Records —
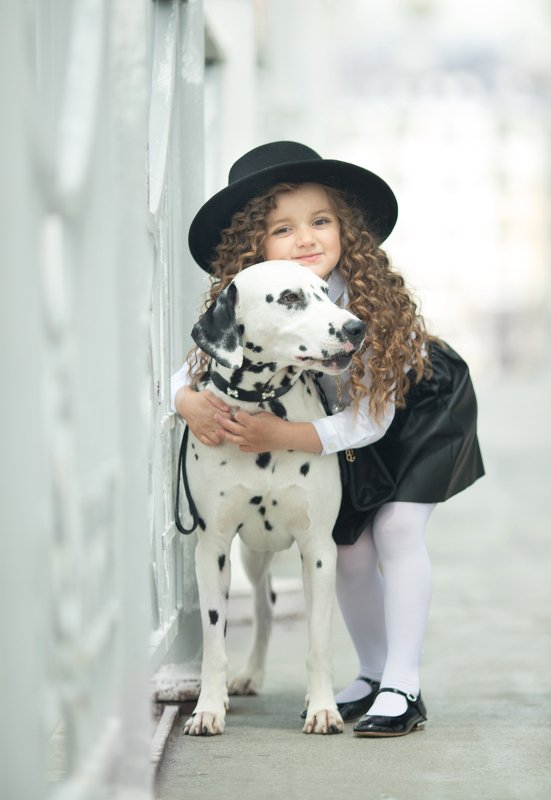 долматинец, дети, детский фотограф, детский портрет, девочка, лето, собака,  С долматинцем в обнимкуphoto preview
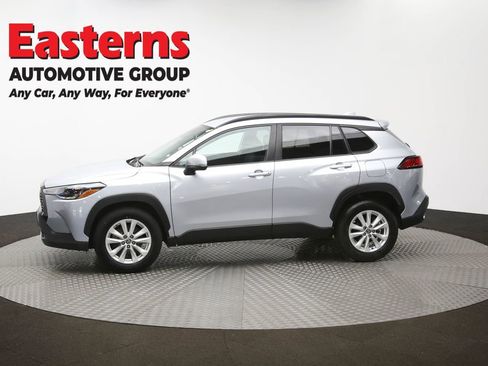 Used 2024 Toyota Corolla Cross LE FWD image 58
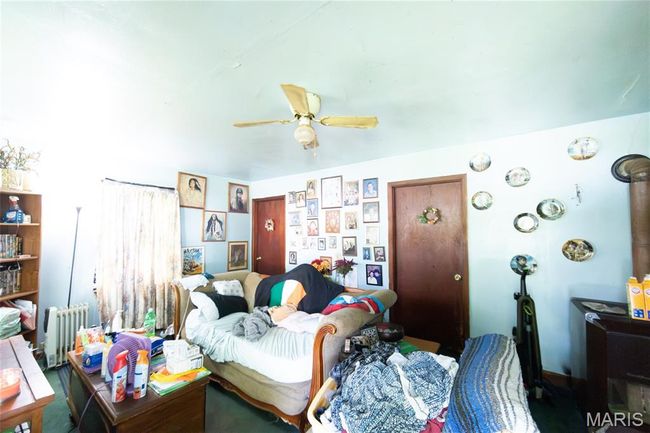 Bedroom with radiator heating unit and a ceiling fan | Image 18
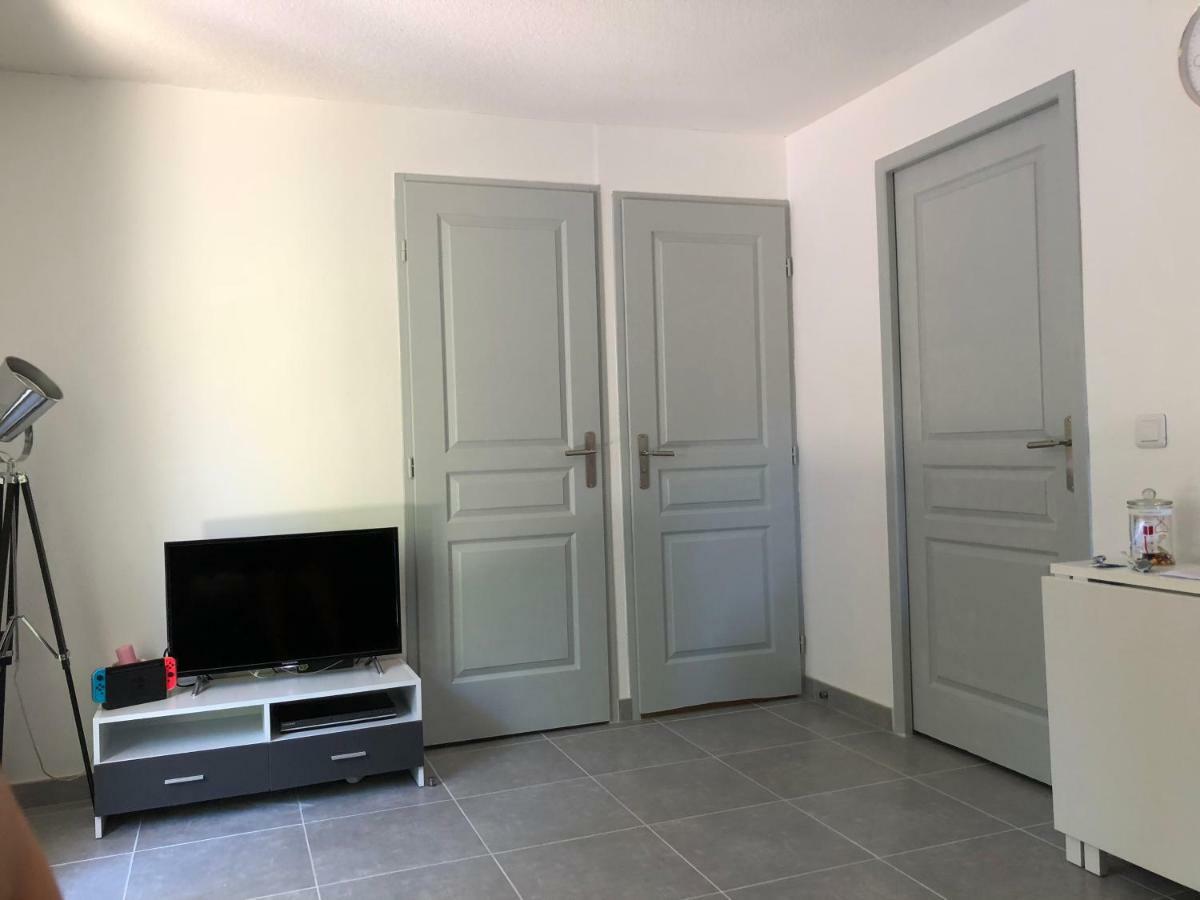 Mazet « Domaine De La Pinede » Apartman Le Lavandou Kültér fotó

--

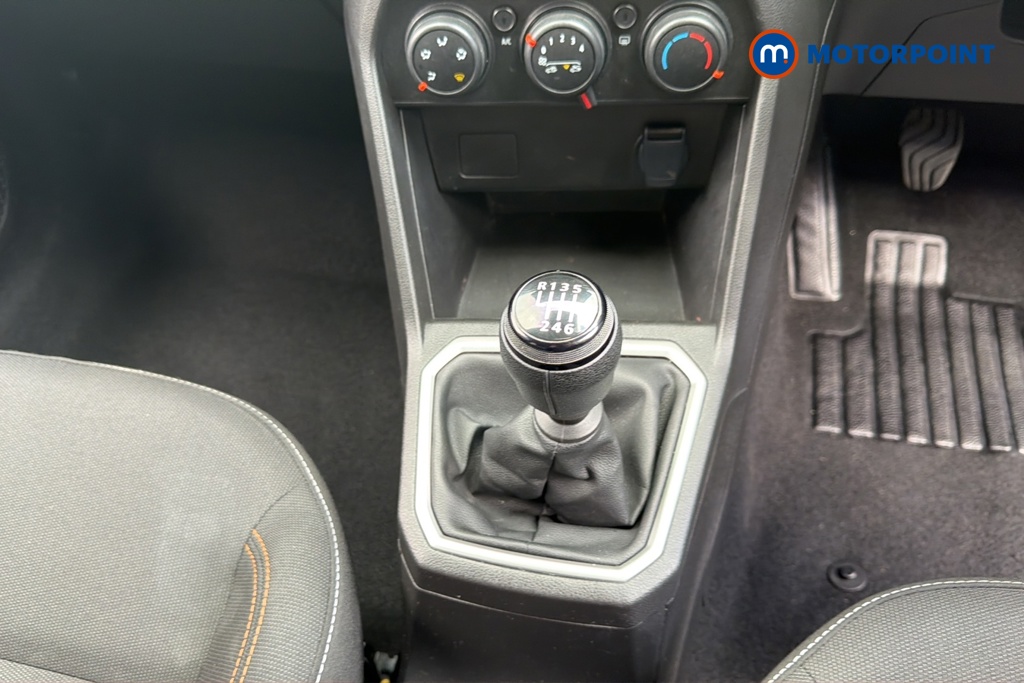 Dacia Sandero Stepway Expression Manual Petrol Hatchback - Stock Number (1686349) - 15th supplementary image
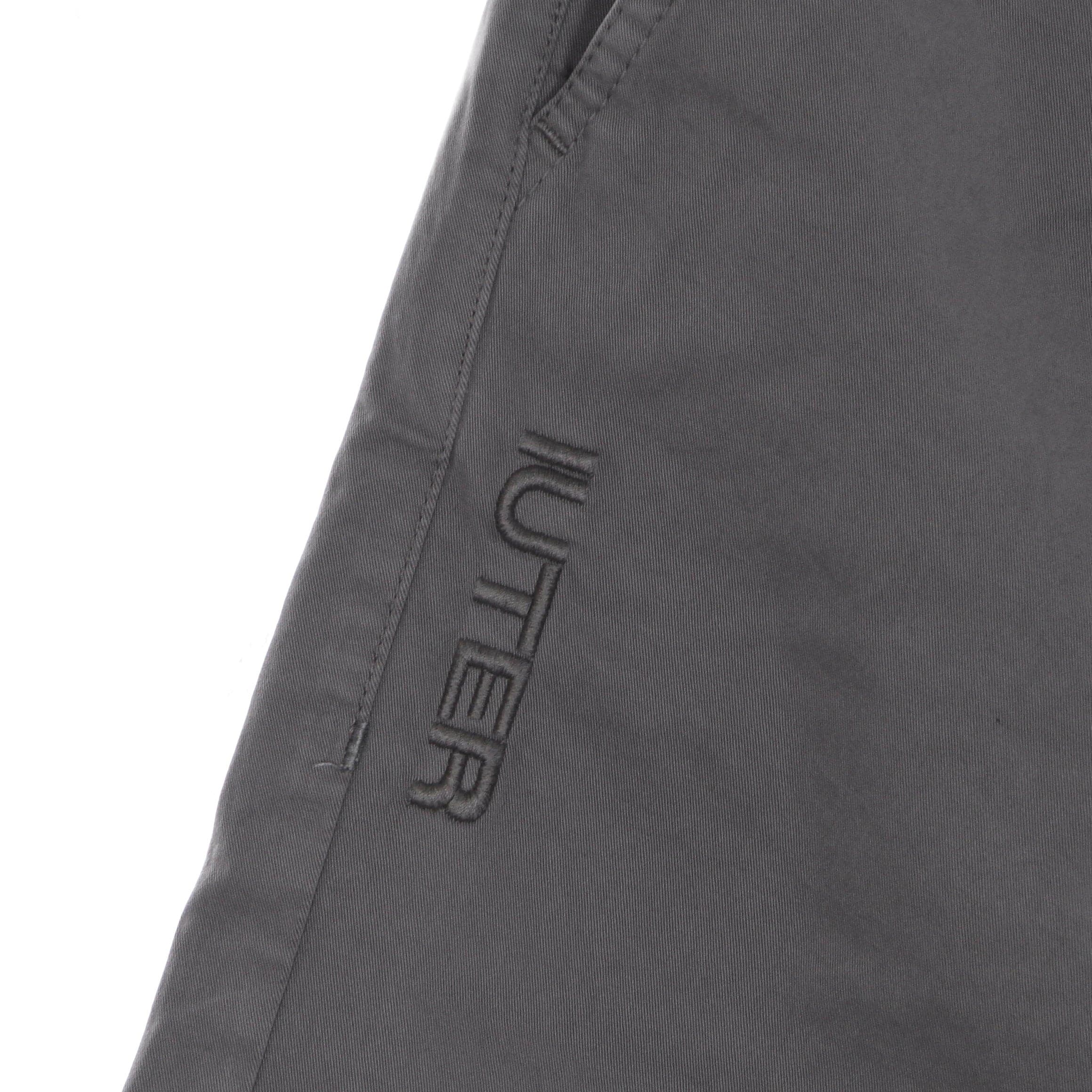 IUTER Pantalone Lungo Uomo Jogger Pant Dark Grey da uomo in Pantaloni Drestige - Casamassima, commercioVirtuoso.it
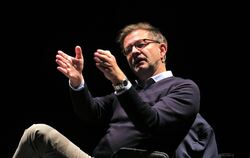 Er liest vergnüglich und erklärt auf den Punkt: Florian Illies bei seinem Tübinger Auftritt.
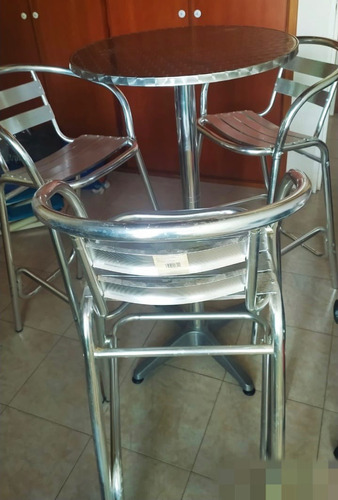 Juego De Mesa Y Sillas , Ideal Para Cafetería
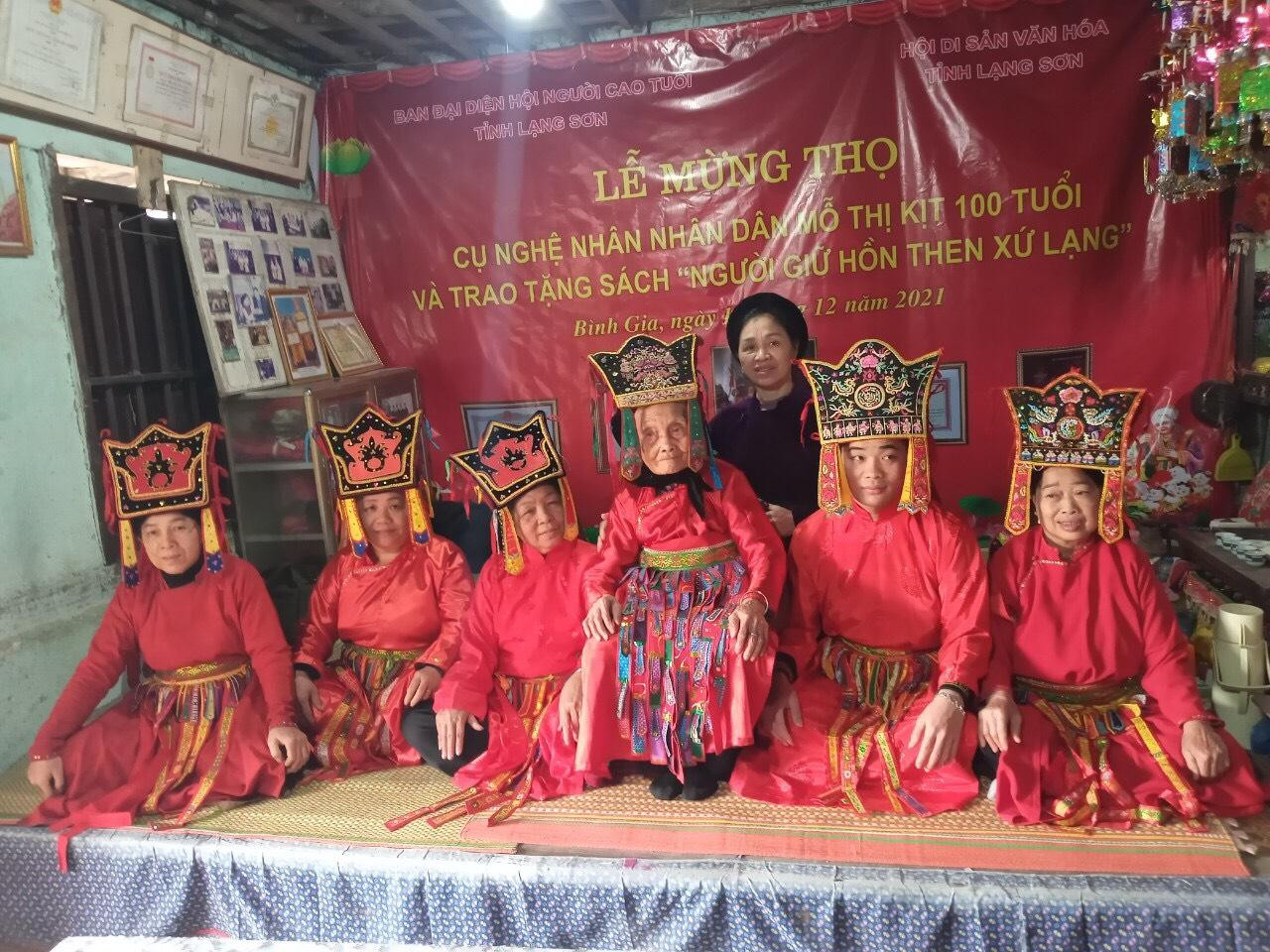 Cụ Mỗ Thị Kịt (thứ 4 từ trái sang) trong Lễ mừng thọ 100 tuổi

Work instruction — Go to the line above that contains "Juego De Mesa" and reproduce everything exactly from there through the line that contains "Cụ Mỗ Thị Kịt", leaving out the pictures.

Solution —
 Juego De Mesa Y Sillas , Ideal Para Cafetería
 Cụ Mỗ Thị Kịt (thứ 4 từ trái sang) trong Lễ mừng thọ 100 tuổi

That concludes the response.